The problem is equivalent to: color each edge of a $K_{101}$ by one of 11 colors such that at least two colors are used. Prove that there is a triangle with two sides having the same color, but not the third side. Assume the opposite. Consider 100 edges from a fixed vertex $v_0$. From pigeonhole, there are 10 edges with the same color $c$, so an edge between any two of these 10 vertices must also be color $c$. Thus, we have a $K_{11}$ of color $c$. Let $U$ be the set of these 11 vertices. For any vertex $v \notin U$, if none of the 11 edges joining $v$ with a vertex in $U$ has color $c$, from pigeonhole two of them must have the same color different from $c$, a contradiction. So, at least one of them must have color $c$, which implies all of them must have color $c$. Hence, we can add $v$ to the set $U$, forming a $K_{12}$ of color $c$. We can repeatedly do this until we add all vertices into $U$, so all edges must have color $c$, a contradiction since at least two colors must be used. The bound is sharp. One can construct a counterexample for $K_{100}$.

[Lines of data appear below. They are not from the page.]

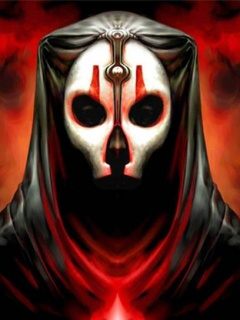 Darth Nihilus Wallpaper To Your Cell Phone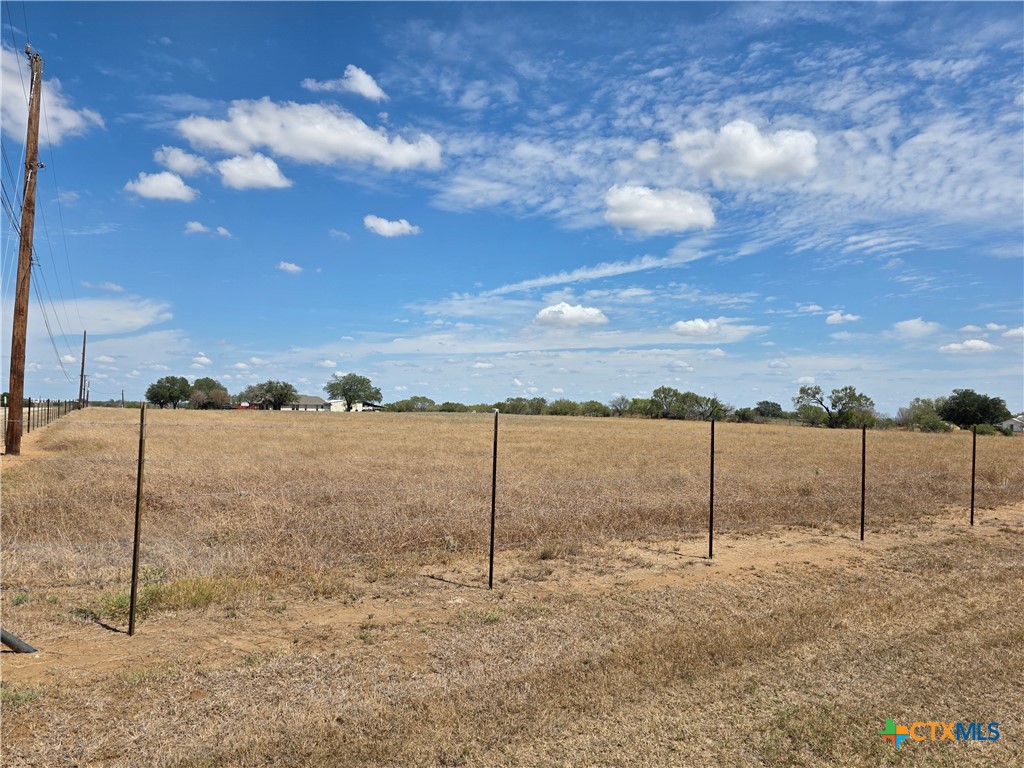 Tbd Pittman Road, Unit 1 Adkins, TX 78101 - Photo 1 of 5 a view of a terrace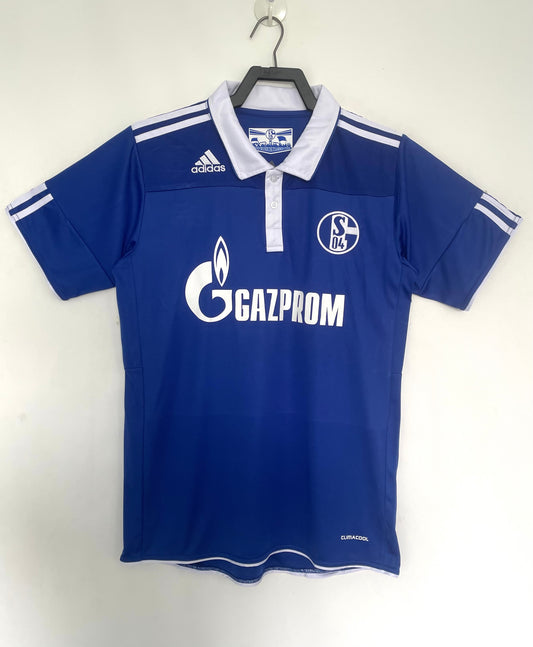 Schalke 2010/11 Home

Consider the obvious graph interpretation, with each edge coloured by one of $11$ colours, i.e. $0,1,\ldots,10$. Let $v$ be a random vertex of the graph, such that $v$ has neighbors of at least two colours. Such a vertex exists, since ohterwise our graph would have edges of only one colour, which is a contradiction. By the Pigeonhole Principle, there is a colour, WLOG let it be colour $c$, such that $v$ has at least $10$ neigbors of this colour. Let $X$ be the set of these neighbors. Note that if there are two vertices in $X$ who are joined with a colour distinct from $c$, we may pick these two vertices and $v$ to finish. Assume from now that all vertices in $X$ are joined by edges coloured in colour $c$. Now, consider another colour $c'$, such that there is at least one edge emanating from vertex $v$ which is of colour $c'$. Let $v'$ be a vertex such that the edge joining $v$ and $v'$ is colour $c'$. Then, for each vertex $v_0 \in X$, if the edge joing $v_0$ and $v'$ is of colour $c$ or $c'$, then we may pick vertices $v,v',v_0$ and we can finish. Otherwise, all edges joining a vertex from $X$ and $v'$ would be of a colour different from $c,c'$. Since there are $9$ remaining colours and $|X| \geq 10$, by the Pigeonhole Principle there are two vertices $v_1,v_2 \in X$, such that the edges joining $v_i$ with $v'$ are of the same colour, distinct from $c,c'$. Thus, we may pick vertices $v_1,v_2$ and $v'$ to finish ($v_1,v_2$ are joined to $v'$ with the same colour, which is distinct from the colour $c$ which joins vertices $v_1,v_2$). In any case, we are done.